Ford directed Wayne and Bond in nearly 30 pictures each, and over the course of their lives the three formed a fast friendship that withstood career ups and downs, political differences, drinking binges and furious fights. Nollen traces their intertwining stories chronologically, analyzing their movie work and their personal lives through documents, letters, telegrams and troves of rare photographs.
With Ford and Wayne, he is largely synthesizing material that has been widely reported and deeply hashed over in numerous other books (as recently as Scott Eyman’s fine new Wayne bio). Naturally, Ford and Wayne’s lives give rise to scads of vivid anecdotes, larger-than-life yarns, rascally tales of womanizing, boozing and power playing.
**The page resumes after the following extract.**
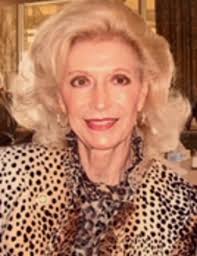 Linda Lou (Royer) Kennedy Obituary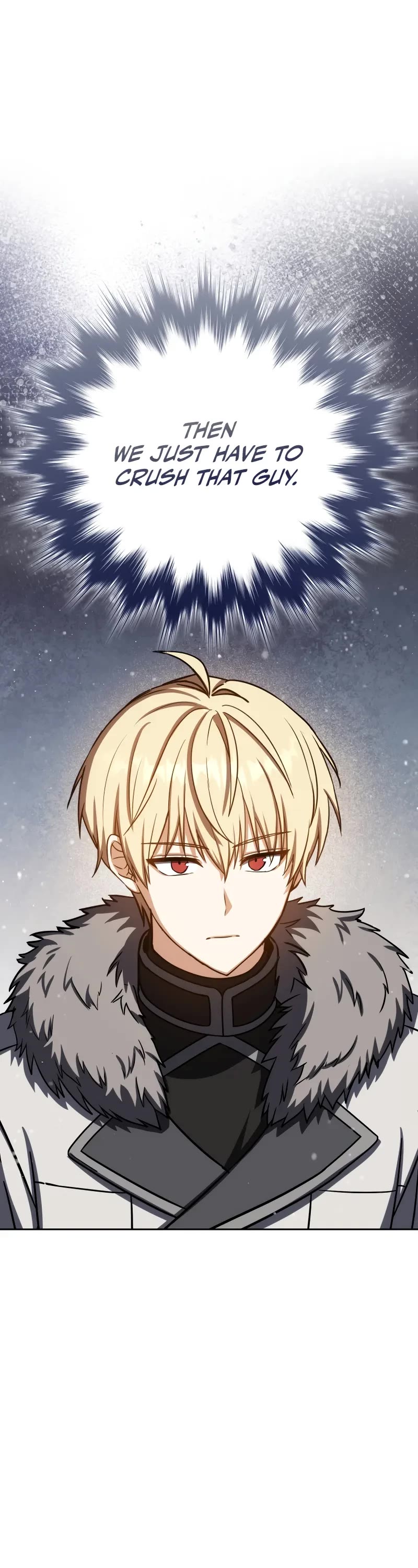 The Reincarnated Assassin is a Genius Swordsman chapter 65 page 13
That Ford was a father figure who could be as cruel to Wayne as to the most lowly bit player is no new revelation.
But it’s in Bond’s story that the book manages to shed new light on the two others and to stitch together a revelatory new narrative that paints a vivid, full-bodied portrait of the rough-gruff, politically liberal, surrogate father Ford and his two wayward, strong-willed, politically right-wing sons.
Bond was a struggling young actor – juggling patchwork jobs in “the pictures” with his studies and football at the University of Southern California – before he encountered Wayne (a USC football teammate) and Ford, who promoted Bond from an extra to a supporting player in 1929’s “Salute.”
Nollen gleans a wealth of new information on Bond’s early struggles and career trajectory from letters the actor wrote to his family, and he offers up a thorough accounting of Bond’s gritty path from bit parts to a key role in Ford’s rough-and-tumble stock company and on to his late TV success on the hit series, “Wagon Train.”
The book is chockablock with wild and colorful stories about the three men’s roistering, often toxic relationship – featuring notable anecdotes about Ford’s sour disposition and his startlingly abusive treatment of both Wayne and Bond, and about the clash of political viewpoints between the director and the two actors. But the most potent, underlying notion of the book is that the high profile Ford and Wayne can’t be fully understood without considering the lumbering third wheel of this trio of “bad men,” Ward Bond.